→ What the task requires
Reproduce exactly, from the data that follows, the line with "Star White Metallic", the line with "Hyundai Santa Fe", and every line that lies between them.

(Brief descriptive captions)

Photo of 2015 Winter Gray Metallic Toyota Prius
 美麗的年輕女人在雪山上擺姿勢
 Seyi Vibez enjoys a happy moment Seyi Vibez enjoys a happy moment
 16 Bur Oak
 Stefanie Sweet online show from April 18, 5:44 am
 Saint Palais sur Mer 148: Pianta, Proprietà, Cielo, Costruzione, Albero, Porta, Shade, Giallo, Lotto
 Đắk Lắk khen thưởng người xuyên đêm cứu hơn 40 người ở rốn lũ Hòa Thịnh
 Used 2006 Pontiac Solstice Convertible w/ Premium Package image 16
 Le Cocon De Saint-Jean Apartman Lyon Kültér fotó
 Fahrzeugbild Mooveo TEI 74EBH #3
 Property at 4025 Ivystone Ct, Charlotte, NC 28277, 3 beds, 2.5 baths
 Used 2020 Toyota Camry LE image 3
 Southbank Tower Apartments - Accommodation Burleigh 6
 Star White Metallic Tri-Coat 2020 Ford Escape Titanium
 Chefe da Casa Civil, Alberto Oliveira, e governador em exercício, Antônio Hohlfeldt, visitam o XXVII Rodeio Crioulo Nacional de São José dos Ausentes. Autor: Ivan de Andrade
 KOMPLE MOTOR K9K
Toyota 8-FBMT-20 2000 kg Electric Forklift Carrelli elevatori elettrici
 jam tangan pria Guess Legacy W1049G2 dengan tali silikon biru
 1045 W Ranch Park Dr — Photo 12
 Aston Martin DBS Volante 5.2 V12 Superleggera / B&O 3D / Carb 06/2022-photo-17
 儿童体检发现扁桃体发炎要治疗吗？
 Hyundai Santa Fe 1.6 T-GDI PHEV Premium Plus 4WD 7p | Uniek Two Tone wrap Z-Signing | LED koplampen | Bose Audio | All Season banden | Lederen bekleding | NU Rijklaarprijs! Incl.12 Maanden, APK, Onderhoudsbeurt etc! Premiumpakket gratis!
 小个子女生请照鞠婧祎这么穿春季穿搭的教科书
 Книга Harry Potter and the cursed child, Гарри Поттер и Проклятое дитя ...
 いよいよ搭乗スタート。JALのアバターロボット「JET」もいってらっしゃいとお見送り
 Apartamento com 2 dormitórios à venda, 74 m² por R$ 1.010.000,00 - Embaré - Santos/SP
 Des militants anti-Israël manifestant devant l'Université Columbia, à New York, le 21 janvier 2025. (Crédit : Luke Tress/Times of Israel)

→ Solved problem
 Star White Metallic Tri-Coat 2020 Ford Escape Titanium
 Chefe da Casa Civil, Alberto Oliveira, e governador em exercício, Antônio Hohlfeldt, visitam o XXVII Rodeio Crioulo Nacional de São José dos Ausentes. Autor: Ivan de Andrade
 KOMPLE MOTOR K9K
Toyota 8-FBMT-20 2000 kg Electric Forklift Carrelli elevatori elettrici
 jam tangan pria Guess Legacy W1049G2 dengan tali silikon biru
 1045 W Ranch Park Dr — Photo 12
 Aston Martin DBS Volante 5.2 V12 Superleggera / B&O 3D / Carb 06/2022-photo-17
 儿童体检发现扁桃体发炎要治疗吗？
 Hyundai Santa Fe 1.6 T-GDI PHEV Premium Plus 4WD 7p | Uniek Two Tone wrap Z-Signing | LED koplampen | Bose Audio | All Season banden | Lederen bekleding | NU Rijklaarprijs! Incl.12 Maanden, APK, Onderhoudsbeurt etc! Premiumpakket gratis!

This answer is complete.